Childhood Disadvantage Affects Brain Connectivity

Summary: Functional connectivity was reduced within and between several brain networks in children raised in disadvantaged neighborhoods. Researchers say a positive home and school environment can mitigate some of the effects.

Source: Elsevier

Many socioeconomically disadvantaged children face poor cognitive and mental health outcomes, and researchers are working to determine the specific factors that link childhood conditions to those poor outcomes, including how they might shape brain circuitry.

In a new study, researchers have examined how “neighborhood disadvantage” can affect the developing brain, including the brain’s connectivity between regions.

The study appears in Biological Psychiatry: Cognitive Neuroscience and Neuroimaging.

Sarah Whittle, PhD, and Divyangana Rakesh, lead authors of the study, studied existing brain scans from 7,618 children aged 9-10 collected as part of the Adolescent Brain Cognitive Development (ABCD) Study.

Previous studies have identified differences in some brain regions in disadvantaged children, but the current study used magnetic resonance imaging (MRI) to measure functional connectivity, or how well different regions of the brain are connected with one another, at rest.

Rather than considering a single measure of status such as household income, the new study classified children according to neighborhood disadvantage, which encompasses multiple risk factors such as pollution, crime and access to lower-quality education and healthcare.

Dr.
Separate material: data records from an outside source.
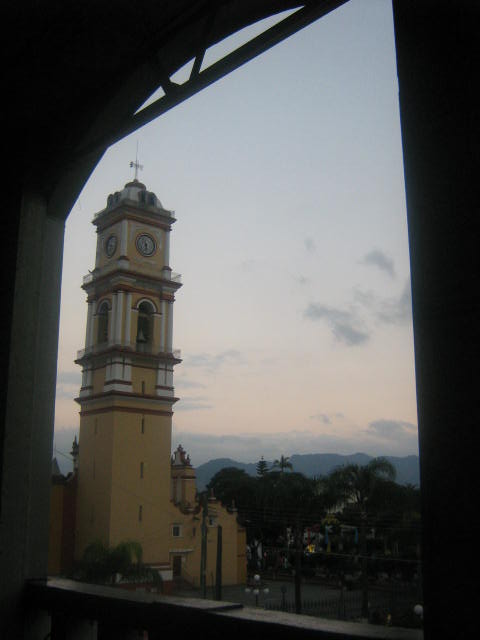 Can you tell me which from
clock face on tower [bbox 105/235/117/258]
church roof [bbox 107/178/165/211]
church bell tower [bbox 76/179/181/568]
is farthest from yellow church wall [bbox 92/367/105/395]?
church roof [bbox 107/178/165/211]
Whittle said the purpose of the study was to “inform us of the mechanisms through which disadvantage impacts children’s development and functioning.” The team also wanted to investigate the role of factors such as positive home and school environments that may help reduce the harmful effects of disadvantage.

Analysis of the brain scans revealed that, in children with higher scores reflecting greater disadvantage, functional connectivity was reduced both between and within several brain networks.

“Our findings suggest that growing up in a disadvantaged neighborhood indeed impacts the brain. Importantly, however, findings suggest that providing children with better home and school environments where they feel supported, receive positive feedback, and have opportunities to engage in different activities, can offset some of the negative effects of neighborhood disadvantage on children’s brain development,” Ms. Rakesh said.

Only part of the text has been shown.